To protest military rule, ElBaradei will not run for presidency | Al-Masry Al-Youm: Today's News from Egypt

What a shame 

I don't blame him though........


----------



## aykalam (Apr 12, 2010)

DeadGuy said:


> To protest military rule, ElBaradei will not run for presidency | Al-Masry Al-Youm: Today's News from Egypt
> 
> What a shame
> 
> I don't blame him though........


what a wasted opportunity for the country

here's his statement today, in English

Mohamed Elbaradei Quits Egypt Presidential Race « lifepasswords


----------



## hyper_janice (Jan 13, 2012)

A bit ambiguous speach from Elbaradei. Would have liked to hear why he thought the country was not headed toward democracy.


----------



## aykalam (Apr 12, 2010)

hyper_janice said:


> A bit ambiguous speach from Elbaradei. Would have liked to hear why he thought the country was not headed toward democracy.


he probably thought it would be abundantly obvious to anyone who's been following the news (other than on state tv I mean)


----------



## hyper_janice (Jan 13, 2012)

aykalam said:


> he probably thought it would be abundantly obvious to anyone who's been following the news (other than on state tv I mean)


The Cops killings, the latest crack downs in the square, the announcement of the SCAF stating they will have superior power over the government (which was then retracted) have all happened since quite some time has passed. I am wondering what he knows that would cause him to step down now. I watch Aljazeera more than any other channels and yes, the state tv is not my favorite to watch also as I have seen a lot of CRAP on there. 

By the way, thanks for the lovely welcome to this new website for me!


----------



## aykalam (Apr 12, 2010)

hyper_janice said:


> The Cops killings, the latest crack downs in the square, the announcement of the SCAF stating they will have superior power over the government (which was then retracted) have all happened since quite some time has passed. I am wondering what he knows that would cause him to step down now. I watch Aljazeera more than any other channels and yes, the state tv is not my favorite to watch also as I have seen a lot of CRAP on there.
> 
> By the way, thanks for the lovely welcome to this new website for me!
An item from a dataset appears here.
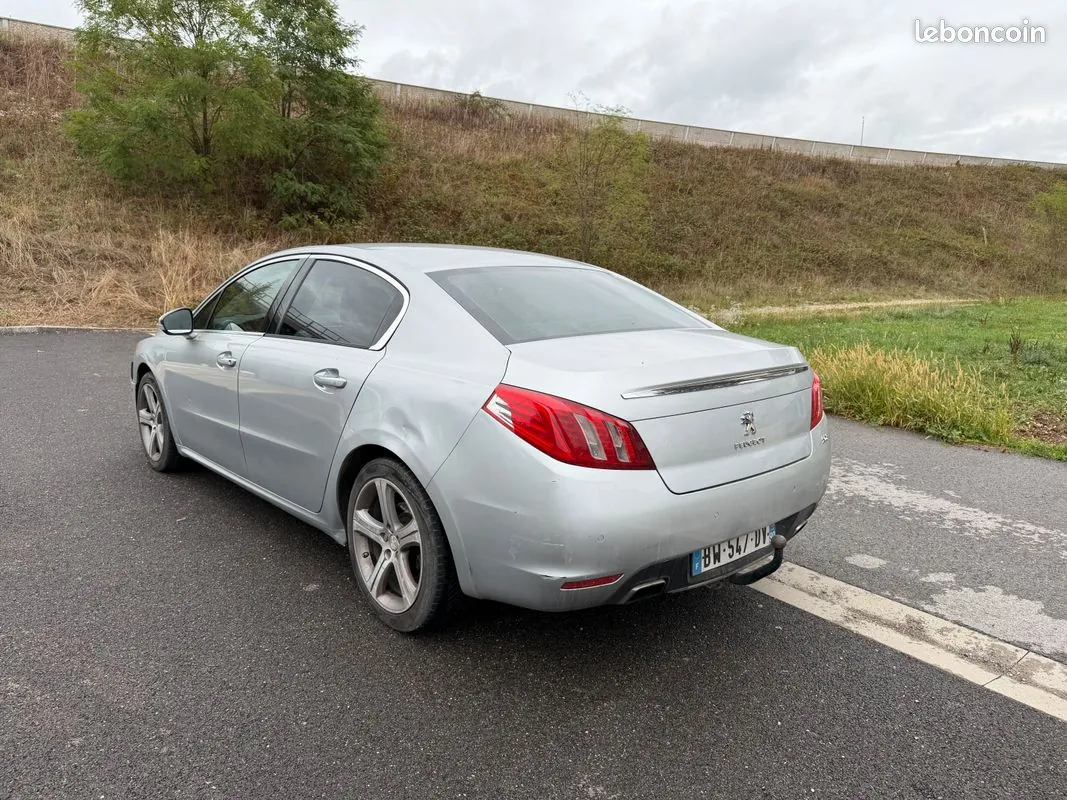 Peugeot 508 2011 photo 2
perhaps you'd care to introduce yourself so we get to give you a group hug


----------



## hyper_janice (Jan 13, 2012)

aykalam said:


> perhaps you'd care to introduce yourself so we get to give you a group hug


hmmmm wondering if that was sarcastic or heart felt. I can always use a hug. So here goes. 

My official introduction:

I am a 54 year old female that married an Egyptian. I was a power plant operator before I moved here four years ago. I'm crazy about my husband, miss my family back home and am a bit bored out of my mind. I cook, crochet, knit, sew and clean. Going from locomotive operator, tractor driver, car dumper, switching operator, to housekeeper has been a bit of a challenge. My husband's family has been hospitable beyond belief. 

I'm waiting for the group hugs, weather they be tongue in cheek or not.


----------



## aykalam (Apr 12, 2010)

hyper_janice said:


> hmmmm wondering if that was sarcastic or heart felt. I can always use a hug. So here goes.
> 
> My official introduction:
> 
> ...


Welcome to the forum 

and here's the promised group hug :grouphug:


----------



## expatagogo (May 31, 2010)

I find this a bit disappointing as I believed he brought balance.

(Oh, and welcome!)


----------